-2

I spent two hours trying to figure it out first. I tested my expression on several regexp online services and on several versions of mySQL. I divided the originally more complex expression into groups and chose the one that I thought was working incorrectly. Can you please tell me why in mySQL 8.0.15 regexp works like this:

>select '(77' REGEXP '^((\.([0-9]+))?)$';

>1

I thought \. could only mean a dot (.), but in fact, any symbol. Where am I wrong?

o_nerti
  • 11
  • 7
  • 3
    `'\.'` is `.` that matches the first `7`, you need `'\\.'`. *Because MySQL uses the C escape syntax in strings (for example, `\n` to represent the newline character), you must double any ``\`` that you use in your **expr** and **pat** arguments.* – Wiktor Stribiżew Jan 10 '20 at 10:41
  • Thank you so much for answering, you're right, I should have escaped the backslash. Tell me, please, if it's not difficult, why did my question cause a negative reaction? I would like to understand and avoid something like that in the future. – o_nerti Jan 10 '20 at 10:48
  • Avoid asking questions like "what does this code/regex do". Errors like yours are just typos since these are not real issues. Before asking what a regex means make sure you go through the string basics. Test regexps at http://regex101.com to see what they mean. MySQL 8+ regex is ICU based, so that site will be very helpful. – Wiktor Stribiżew Jan 10 '20 at 10:52
  • Of course, I spent two hours trying to figure it out first. I tested my expression on several regexp online services and on several versions of mySQL. I divided the originally more complex expression into groups and chose the one that I thought was working incorrectly. I also know very well about the problem of character escaping. But, unfortunately, I could not guess that these things are related. That's why I approached the expert community with a question. I still do not understand, honestly, how exactly I should ask a question here. – o_nerti Jan 10 '20 at 11:00
  • Just like this. You never know what the reaction will be. Again, avoid asking "why does it work like this" with just 3-4 lines in the question. Make sure you add the efforts like in the comment above in the question body. But this question is a dupe anyway. – Wiktor Stribiżew Jan 10 '20 at 11:01

1 Answers1

-1

(The suggested dup talks about word boundaries; this Question is more about backslashes and dot.)
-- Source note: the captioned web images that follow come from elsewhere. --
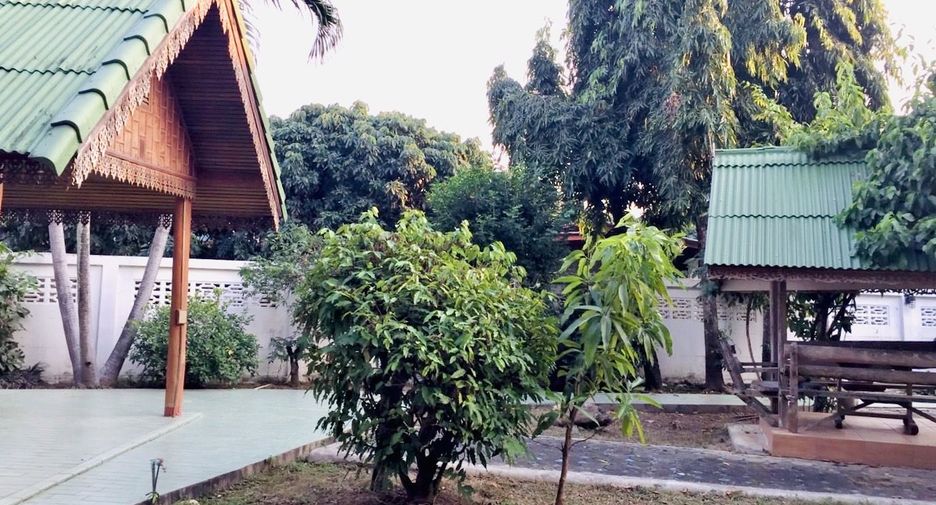 For sale 3 bedrooms house in Saraphi, Chiang Mai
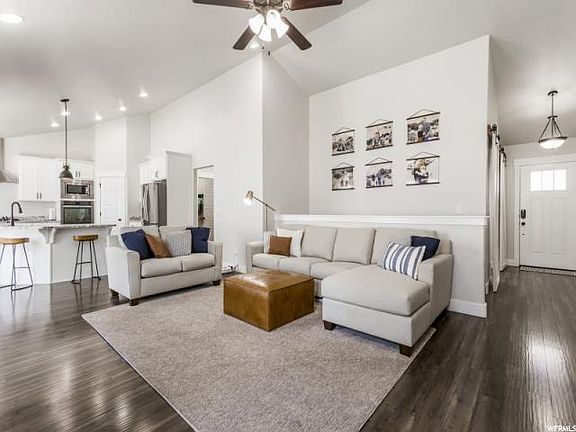4th image of 599 N Pinnacle Ln #404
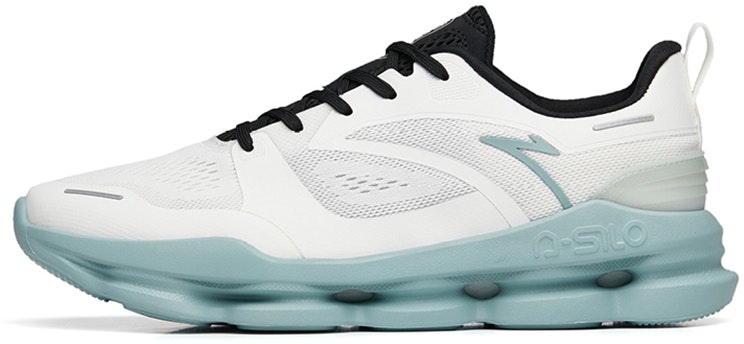 anta-training-series-white-black-112237720-1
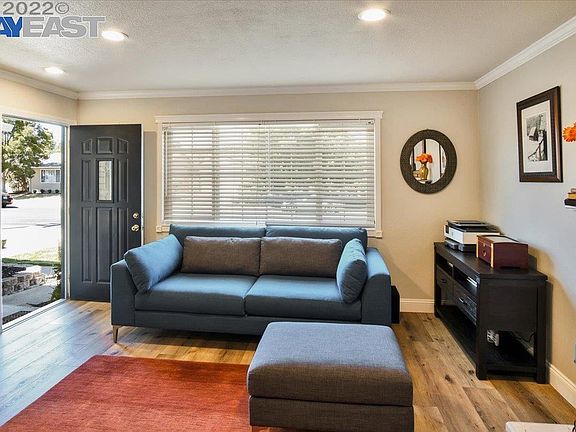 5th image of 6816 Cedar Ln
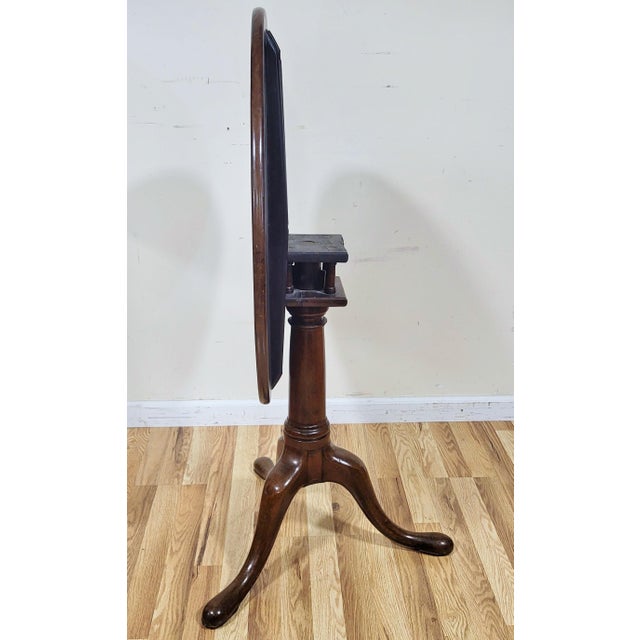 English 19th C Mahogany Queen Anne Pad Foot Birdcage Round Tilt-Top Table For Sale - Image 4 of 16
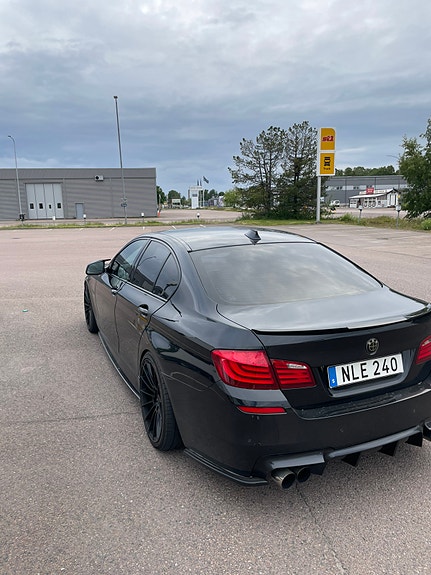 BMW 535i 4 of 8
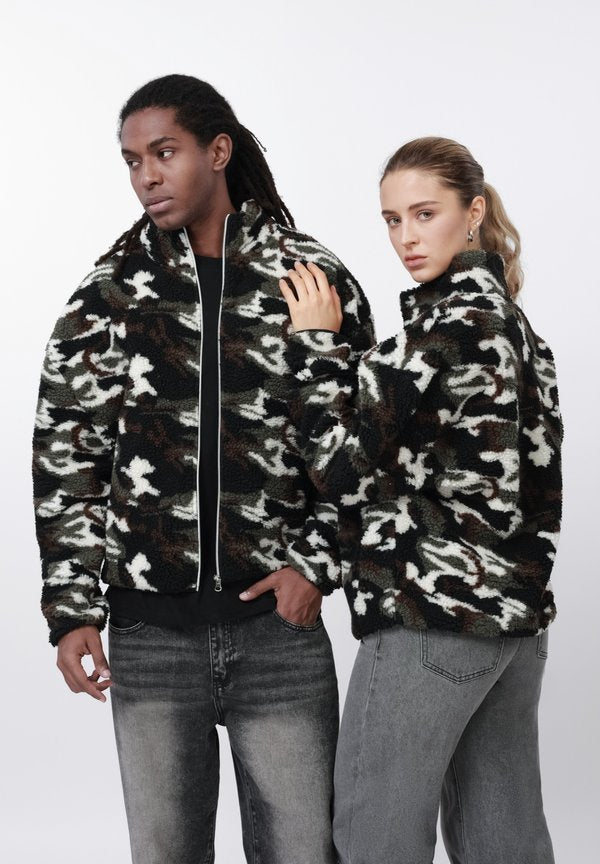 YOURTURN by Zalando UNISEX CAMO TEDDY ZIP THROUGH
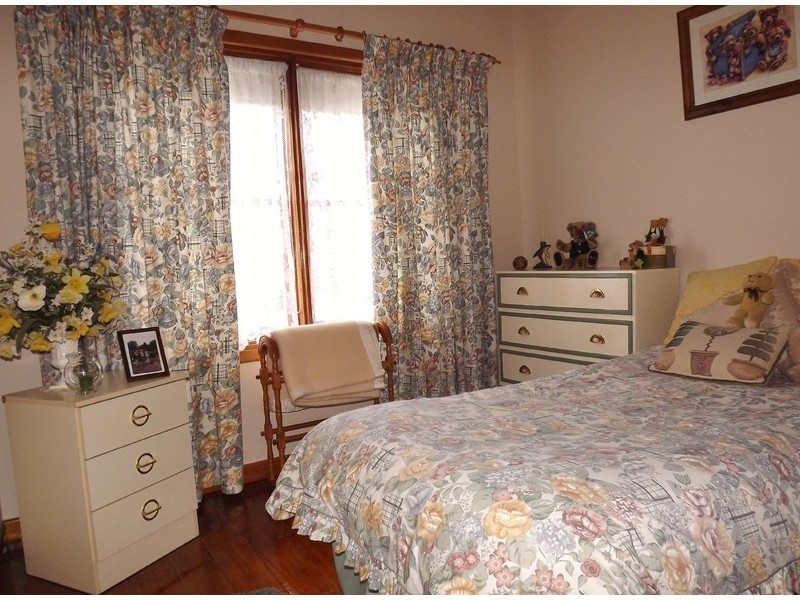 9  Avon Court, Newborough VIC 3825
I believe the main confusion has to do with clients turning backslashes and with the regexp processor tossing it when it is irrelevant.

Also, the test case gets confusing because dot matches anything, including dot.

I tested these

SELECT
   '468' REGEXP '4.8',
   '468' REGEXP '4\.8',
   '468' REGEXP '4\\.8',   -- fail
   '4\.8' REGEXP '4\.8',
   '4\.8' REGEXP '4\\.8',
   '4\\.8' REGEXP '4\.8',   -- fail
   '4\\.8' REGEXP '4\\.8',   -- fail
   '4\\.8' REGEXP '4\\\\.8',
   length('4\.8'),   -- 3
   length('4\\.8'),   -- 4
   length('4\\\\.8');   -- 5, hence 2 backslashes and a dot
[ 1 1   0   1   1   0   0   1   3   4   5 ]

SELECT
   '.' REGEXP '.',
   'x' REGEXP '.',
   '.' REGEXP '\.',
   'x' REGEXP '\.',
   '.' REGEXP '\\.',
   'x' REGEXP '\\.',   -- fail
   '\\x' REGEXP '\\.',   -- fail
   'just dot',
   length('.'),   -- 1
   length('\.'),   -- 1, hence dot
   length('\\.');   -- 2, hence backslash + dot
 [ 1    1   1   1   1   0   0   just dot    1   1   2 ]

Same results on all of these: MariaDB 10.0.28, MariaDB 10.1.43, MariaDB 10.2.30, MariaDB 10.3.21, MySQL 5.5.42, Percona 5.6.22, MySQL 8.0.17, Percona 5.5.45

The client was Perl with DBIx::DWIW, which possibly does the minimal amount of backslash stripping.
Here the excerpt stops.